Around the United States in 90 Days

back to Family Stories, Spring 2020

by Kristella Muvunankiko

Traditional home in Kigali, Rwanda

My aunt Genevieve took a chance on coming to a new country to make a better life. She was one of the first people in my family to come to the United States. Aunt Genevieve was born in 1966 in Gigaram, Rwanda.

Aunt Genevieve left Rwanda in her early twenties for the United States in 1988. She recalled being shocked by the big cars, and the abundance of food in the supermarkets,  During her time, she went to Hunter College in NY to learn English.

LSU health center in Shreveport

After spending a few years in New York, her husband got the opportunity to became the first black chief of cardiac anesthesiology at Louisiana State University in Shreveport in 1990, so she moved.
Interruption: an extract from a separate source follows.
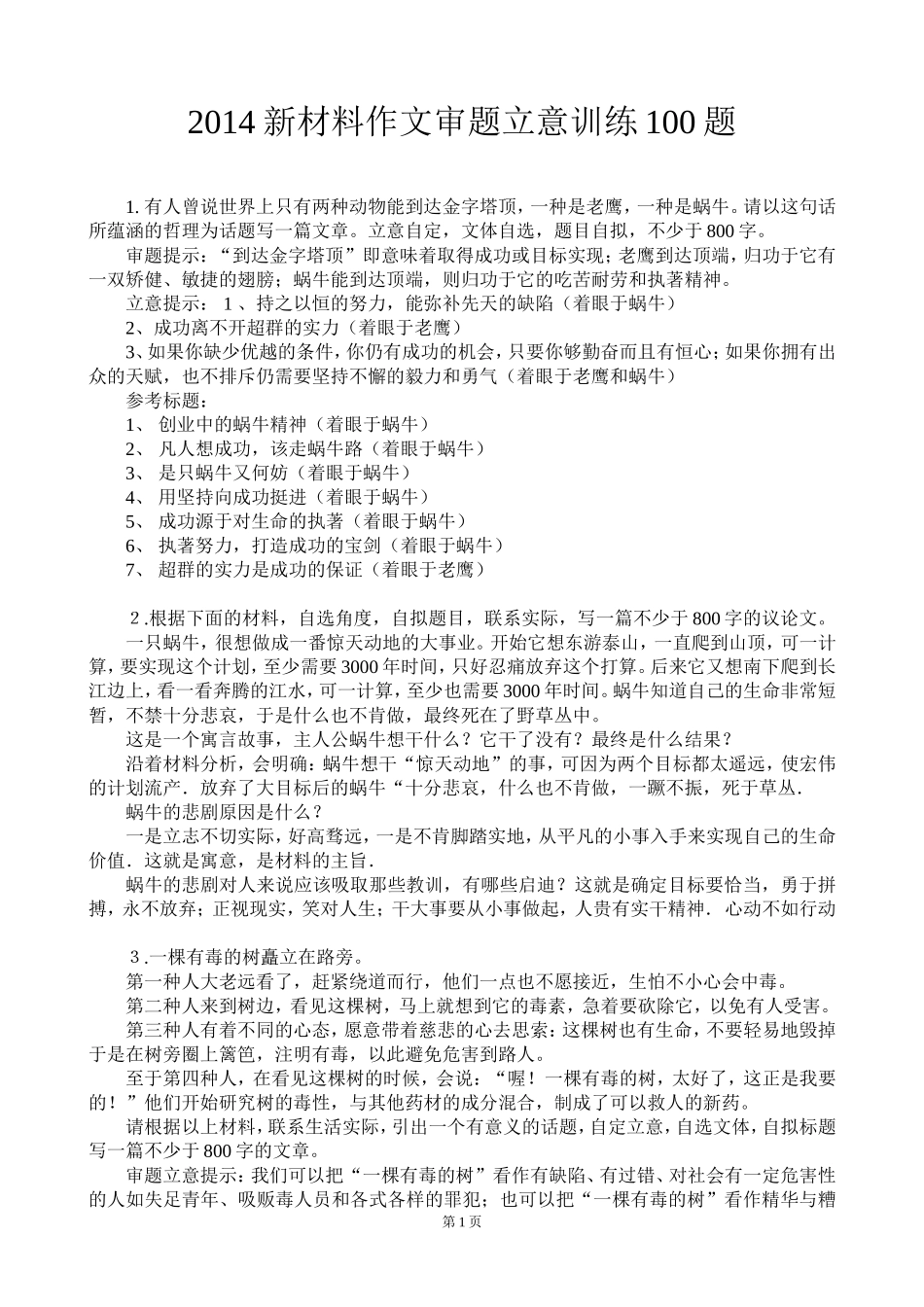2014年高考新材料作文审题立意训练100题(附立意提示)_第1页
Shreveport, Louisiana was different from any place she had ever been, and all of her kids were born there. The southern culture was apparent with the hospitality and politeness and she noticed how different it was from NYC.
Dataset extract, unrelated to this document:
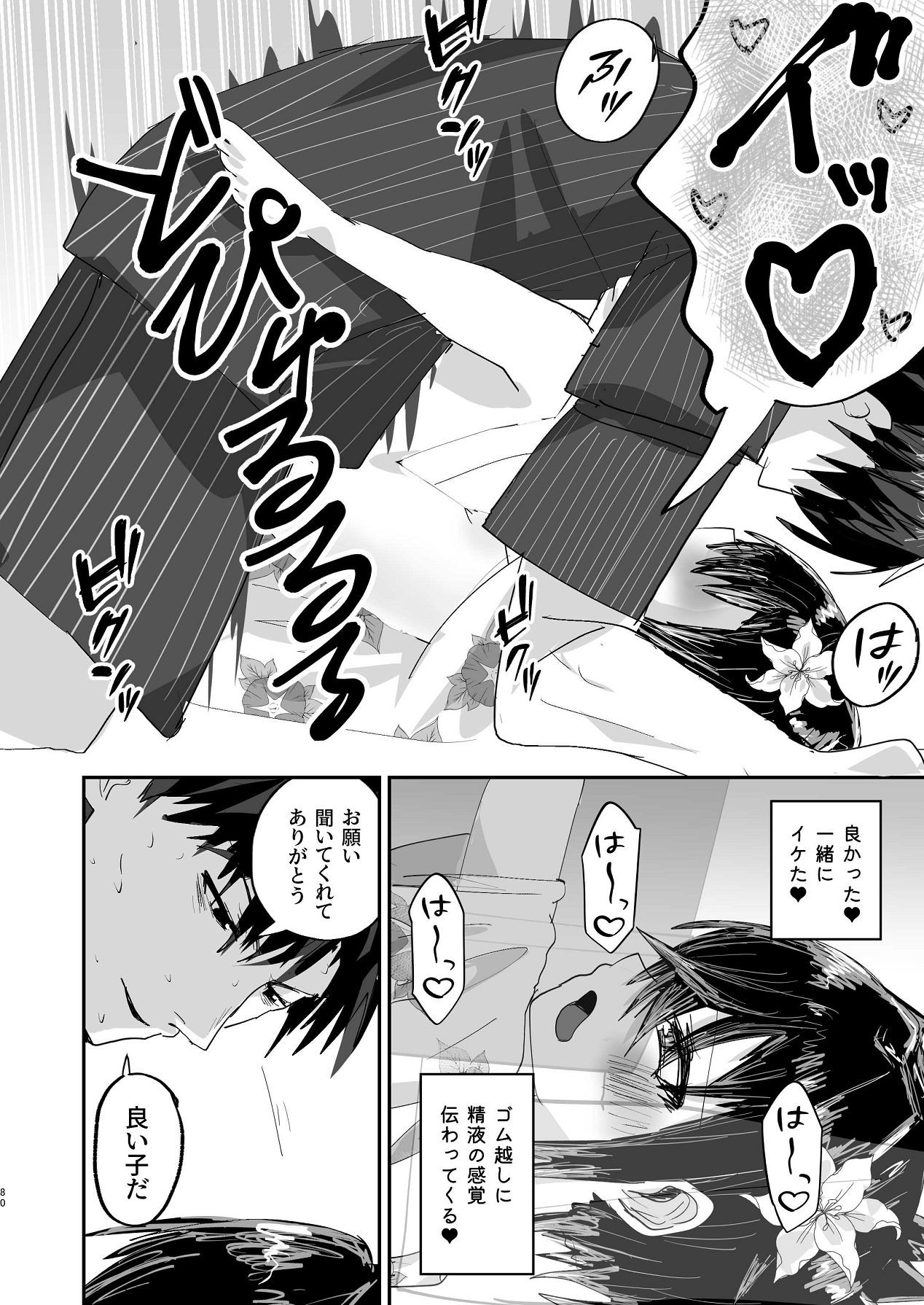Page 79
However, life in Louisiana did not last long. Even though, Shreveport had its perks, it was not going to be home for long. After four years, her husband wanted to do private practice. So, she moved from Shreveport, LA to Laredo, TX.
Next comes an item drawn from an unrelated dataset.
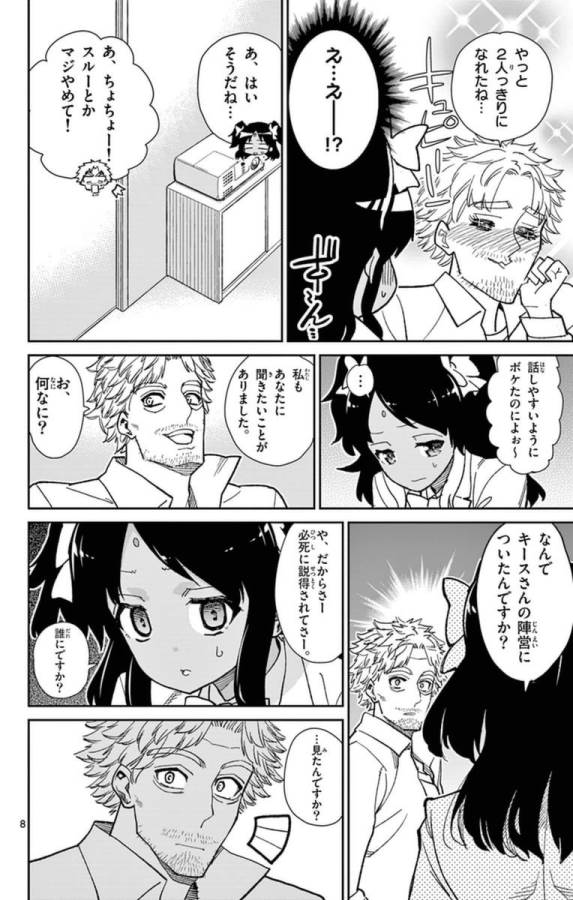 Ichiba Kurogane wa Kasegitai - Chapter 70 - Page 8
Living in Laredo made in necessary that my aunt speaks Spanish, so she went back to school to learn. She has lived in Laredo ever since, She has four kids, Josh, who went to serve in the army, and now is about to attend law school at UT Austin, Cherise, who is considering medical school, Noella, who is going to be a psychologist, and Randelle, who is going to be a nurse.

Rwandan dancers

America varies from Rwanda without the vibrant colors, patterns, and traditions, America provided freedom that not everyone has access to, and it allows someone to make a life for themselves. United States is the only place that could happen. Even though she spent her childhood in Rwanda, U.S. became her new home.